→ What the task asks
Every line from the one containing "Into the Blue" through the end of the listing below goes in the output, exactly and without pictures.

→ Given material
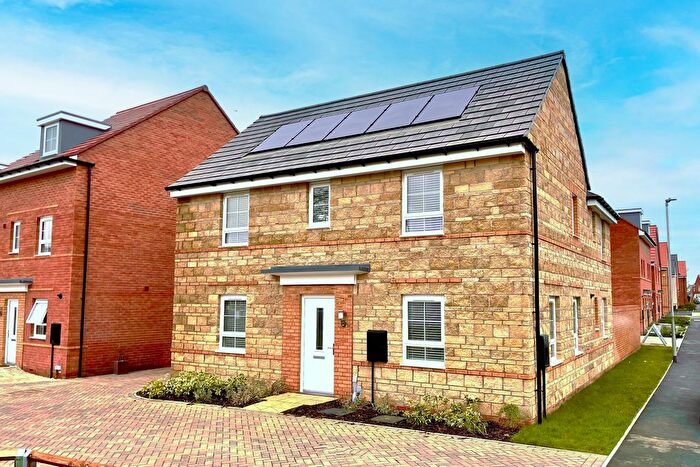 4 Bedroom Detached House For Sale In "Alfreton" At Stephens Road, Overstone, Northampton, NN6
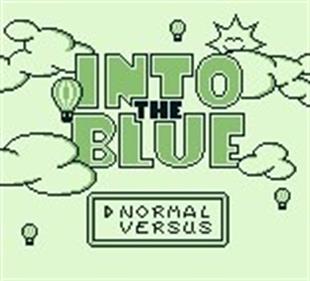 Into the Blue - Screenshot - Game Title Image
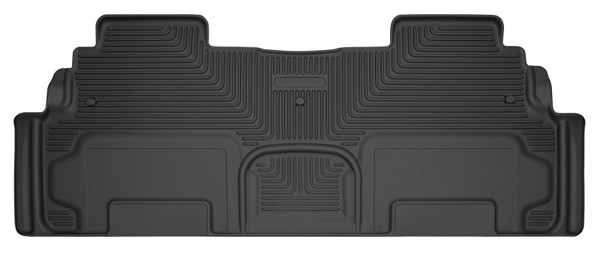 Husky Liners 19211 WeatherBeater 2nd Seat Floor Liners, Black For GMC Acadia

→ Response area
 Into the Blue - Screenshot - Game Title Image
 Husky Liners 19211 WeatherBeater 2nd Seat Floor Liners, Black For GMC Acadia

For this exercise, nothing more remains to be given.